The future of Chile’s mineral industry remains uncertain, but its path will likely be different from that of the United States, another lithium-producing country. The United States has effectively entrusted the private sector with its mining needs, with companies such as Standard Oil, U.S. Steel, and Anaconda Copper dominating domestic and international markets. Yet, Chile’s major suppliers have historically shifted between public and private ownership, making a stable long-term economic strategy precarious. Additionally, the United States has historically been a larger financer than borrower regarding industrial development—something that cannot be said about Chile—which has facilitated American control over financial management decisions. Anaconda Copper’s prioritization of its copper profits over its workers and the Guggenheims’ collusion with the Hoover administration represent two examples of the effects that neoliberal imperialist interests have had on Chilean society. Chile’s nationalization efforts can be seen as a defense mechanism against American forces which could result in a different economic trajectory, one that prioritizes national well-being and security.

The battle between nationalization and foreign investment could also produce other modes of development. For example, domestic Chilean capital could gain influence in the lithium market and drive out international competitors that have historically owned nitrate and copper mines. Sociedad Química y Minera de Chile (SQM), one of the world’s top five lithium producers, began as a private-public enterprise, then became entirely publicly owned before privatizing fully in 1983, with controversial Chilean billionaire Julio Ponce Lerou the principal investor. This approach may allow Chileans to reap greater rewards from their natural resources, but the corruption associated with financiers like the Guggenheims and John Thomas North is unlikely to disappear simply with the transition to domestic private ownership.

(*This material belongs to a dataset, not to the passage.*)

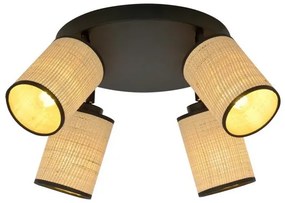 Σποτ Οροφής 4xE27 Ατσάλι-Ύφασμα YOGA Μαύρο 1151/4PREM Made in Poland Emibig-1151/4PREM-Καφέ 1151/4PREM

As new mining projects emerge in Chile, economic and geopolitical interests raise prudent opportunities. Electric vehicle proliferation has resulted in a rapid increase in demand for lithium and a new age for Chilean mining. Most recently, the Boric-led government has adopted a nationalization strategy through regulation and tax hikes. Yet, Chile’s historical vacillation between private and public hands could breed lasting instability, which may engender geopolitical challenges between Chile and its trading partners. However, the history of wavering mining policy in Chile should not preclude investment into the Chilean mining industry, but rather encourage investors and politicians to study this history carefully to determine what development strategies work best for both Chileans and the rest of the world moving forward.